■ **DATA SEGMENT**:
== Segment start ==
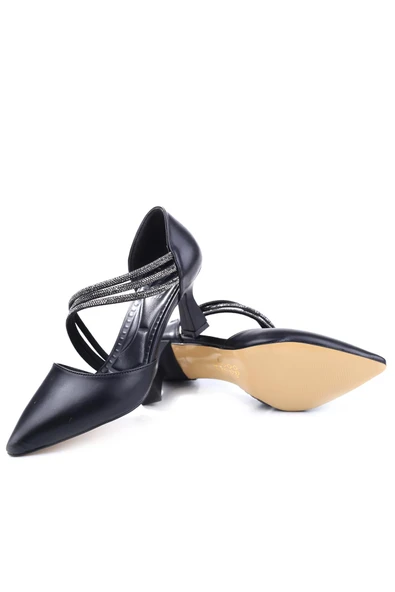 Ceylan 3559 Kadın 6 Cm Topuklu Taşlı Stiletto Ayakkabı - Resim 9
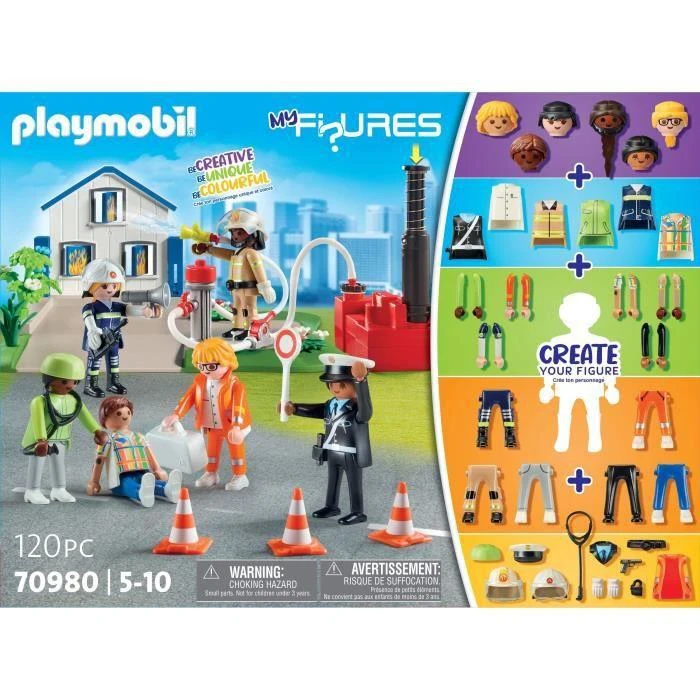 Playmobil My Figures gelbėjimo figūrėlės kaladėlėms 120 dalių ZA 5433
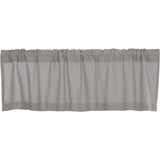 Baxter Burlap Dove Grey Valance-Lange General Store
== Segment end ==
■ **WHAT IS EXPECTED**:
An exact copy is needed of the lines running from the one containing "Playmobil My Figures" through the last line of the material, and of no others; pictures stay out.

■ **ANSWER FOR THE TASK**:
 Playmobil My Figures gelbėjimo figūrėlės kaladėlėms 120 dalių ZA 5433
 Baxter Burlap Dove Grey Valance-Lange General Store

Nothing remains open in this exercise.